Overall, in this test, Datafusion is behind, while Hyper is a bit more efficient than DuckDB, specifically on some queries.

query	Hyper (s)	DuckDB (s)	Datafusion (s)
1	3.626	3.793	81.668
2	1.006	0.849	13.944
3	2.619	2.854	39.433
4	1.896	5.010	30.512
5	3.521	3.131	51.143
6	1.221	2.162	19.821
7	2.660	6.300
8	2.151	3.021	49.717
9	6.085	10.374	65.606
10	2.820	3.825	41.010
11	0.360	0.416	14.066
12	1.991	2.773	38.985
13	7.303	4.588	56.703
14	1.402	1.936	18.684
15	1.634	4.254	27.640
16	0.882	0.848	6.699
17	1.728	12.502
18	5.917	15.003
19	3.250	4.018	42.300
20	1.124	4.919	80.375
21	4.430
22	0.995	1.938	11.485
Sum	58.631	94.523	689.797

At the bottom of this table, we display the sum of the querying time, ignoring the failing queries.

All three engines

all_engines

DuckDB vs Hyper

duckdb_vs_hyper

Conclusion

In this blog post, we conducted the TPC-H benchmark using three different SQL engines: Tableau Hyper, DuckDB, and Apache Arrow DataFusion, for querying Parquet files. The benchmark comprised 22 queries executed on 8 tables, with a scale factor of 100 used for data generation.

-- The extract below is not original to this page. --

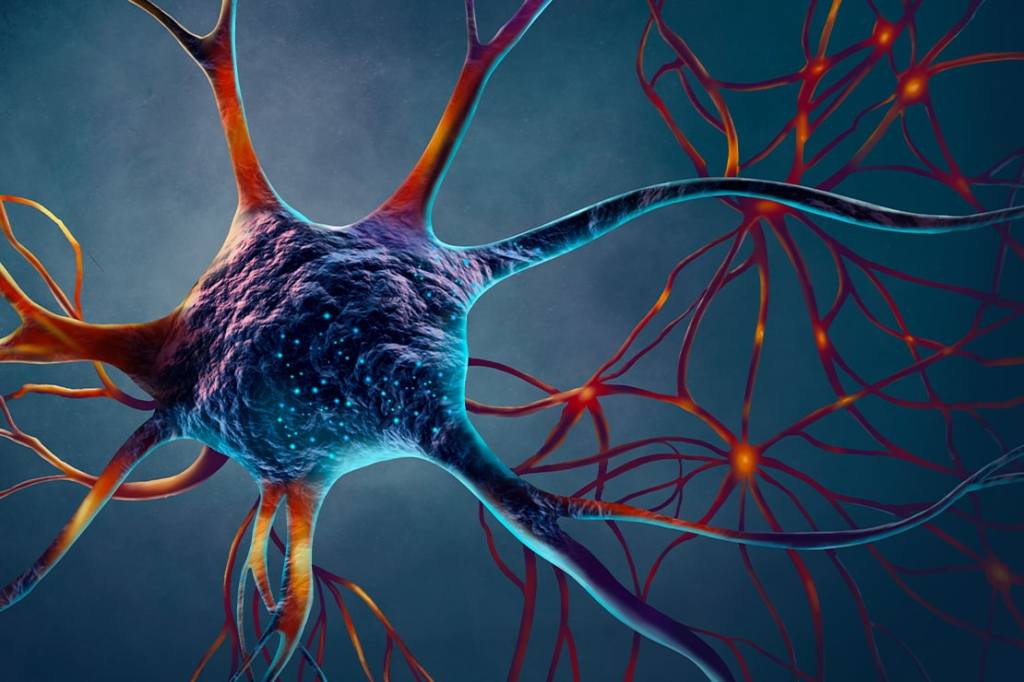 Fire in the Brain: Neuroinflammation | Einstein Magazine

With the default settings, it seems that Datafusion may not be the most suitable option for the specific use case mentioned due to its slow performance and tendency to crash. On the other hand, the Hyper engine was found to be faster than the DuckDB engine. But ultimately, the choice of database engine depends on a variety of factors such as the license, the size and complexity of the dataset, the nature of the queries, the available hardware resources…

Overall, the benchmark demonstrated the potential of these SQL engines for handling a significant amount of data stored in Parquet files.